For our first tour outside the United States, we decided to make things easier by traveling somewhere with a common language. We had read about New Zealand’s beauty, the friendliness of its people, and how pleasant a place it is to stay, as well as its claim to speak English.
Upon arrival, we found that even though we spoke the same language, sometimes it didn’t feel that way. Some things still got lost in translation.
For example, for dessert one night, we decided to try a New Zealand milkshake. And not just any kind of milkshake, a “thick shake.” Here in the US, a thick shake is, well, thick, usually requiring a spoon to enjoy it properly.

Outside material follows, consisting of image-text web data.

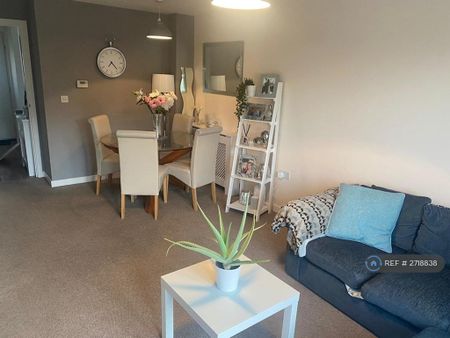 2 bedroom terraced house to rent - Photo 2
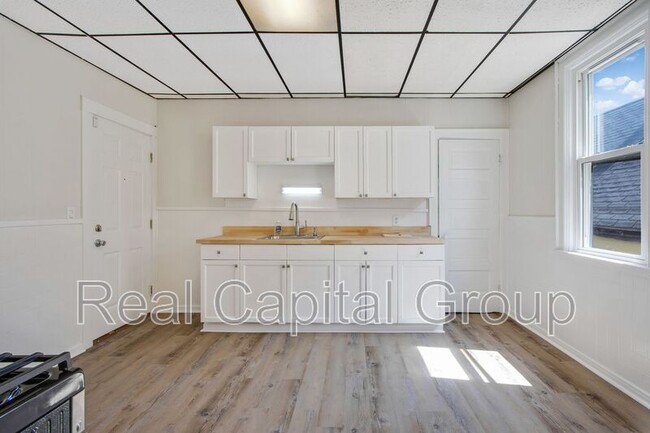 Photo - 305 Cable St Unit Apt 2 (Upper)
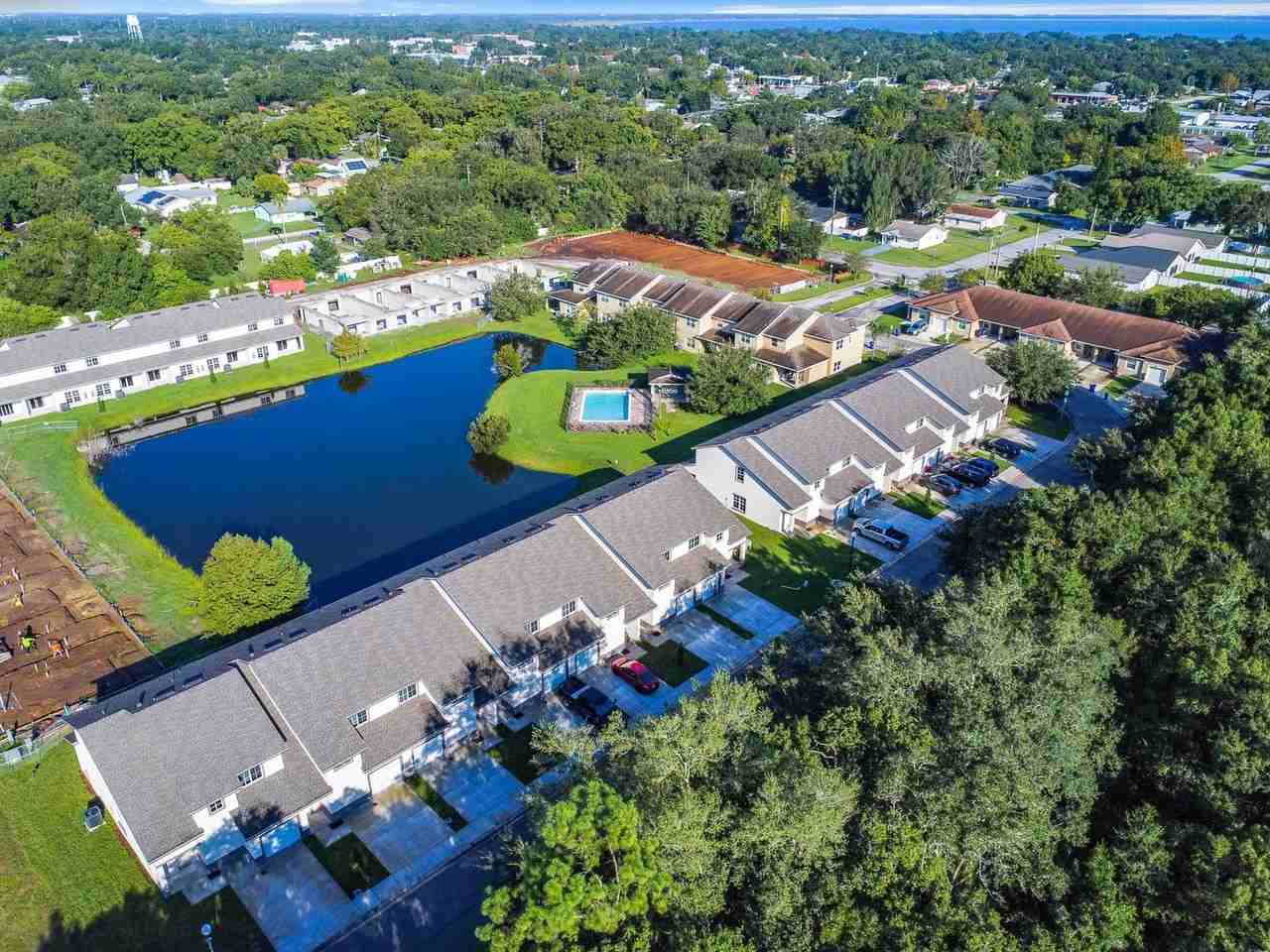 1710 Barton Towne Cir - Photo 7 of 50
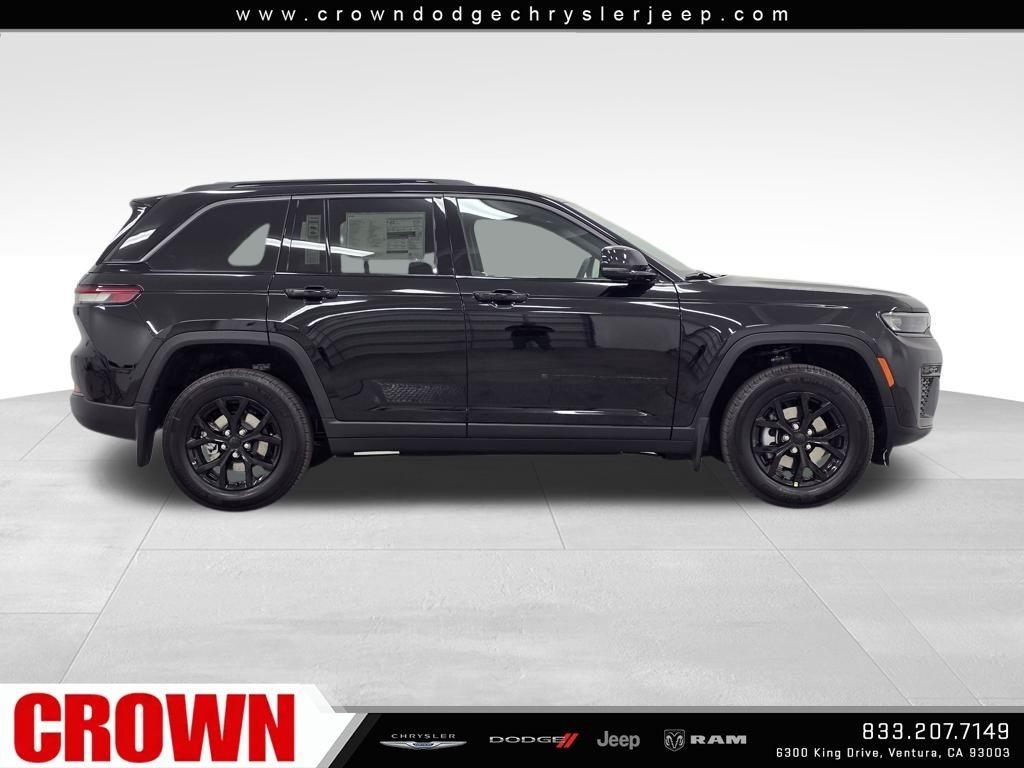 New 2026 Diamond Black Crystal Pearl-Coat Exterior Paint Jeep Altitude image 26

When our thick shake arrived at the table, we were a little disappointed to find that not only was there no spoon, but it was liquid! It was mainly milk, with flavoring, and a scoop of ice cream. I guess that’s where the “thick” comes from. Ah, well. It tasted good regardless.
Bacon in NZ is not necessarily what Americans would call bacon. I ordered a “bacon burger,” thinking it would be a hamburger with slices of bacon. Nope. It was basically a ham sandwich, on a hamburger bun, not even including a hamburger patty. Slightly disappointing. If you are looking for proper American style bacon, the Kiwis call it “streaky bacon.”

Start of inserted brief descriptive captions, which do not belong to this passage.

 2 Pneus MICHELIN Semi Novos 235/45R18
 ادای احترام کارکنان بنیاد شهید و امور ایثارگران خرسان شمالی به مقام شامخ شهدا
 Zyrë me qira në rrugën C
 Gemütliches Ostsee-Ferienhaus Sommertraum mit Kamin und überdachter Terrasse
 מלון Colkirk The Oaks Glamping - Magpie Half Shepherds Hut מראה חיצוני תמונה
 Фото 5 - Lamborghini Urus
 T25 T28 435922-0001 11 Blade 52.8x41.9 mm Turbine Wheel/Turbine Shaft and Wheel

On our last day in NZ, I needed a late afternoon pick-me-up, and we popped into a coffee shop. They advertised “iced” drinks, so I ordered an iced coffee. I expected to get coffee, with ice. Instead, the waitress served me a coffee milk shake, complete with ice cream, milk, and chocolate syrup. It was delicious, and even better than the aforementioned thick shake, just not what I had expected.
As we rode our bicycles around New Zealand, we were constantly amused at the differences in road sign wording that our two countries use. Over time, we became used to the differences, but every once in a while one would stand out. We actually came across a sign that we still have no idea what it could have meant: A hazard sign (orange with a black exclamation point), and underneath the word “Slumps.” We’re still puzzling over the meaning of that sign. And, sometimes the road signs were polite to the point of ridiculousness. For example, a sign in Christchurch read: Buses and heavy vehicles to use High St one way system as Manchester/Taum intersection not suitable. Seems like a much more polite way to state: Large Vehicles Prohibited.
The longer we were in New Zealand, the more we found ourselves adopting the local words for various activities and things. In a small way, we were able to pick up a little bit of the culture of New Zealand, even in the short time we were there. We had a fantastic time, and look forward to traveling to many more exciting places in the future.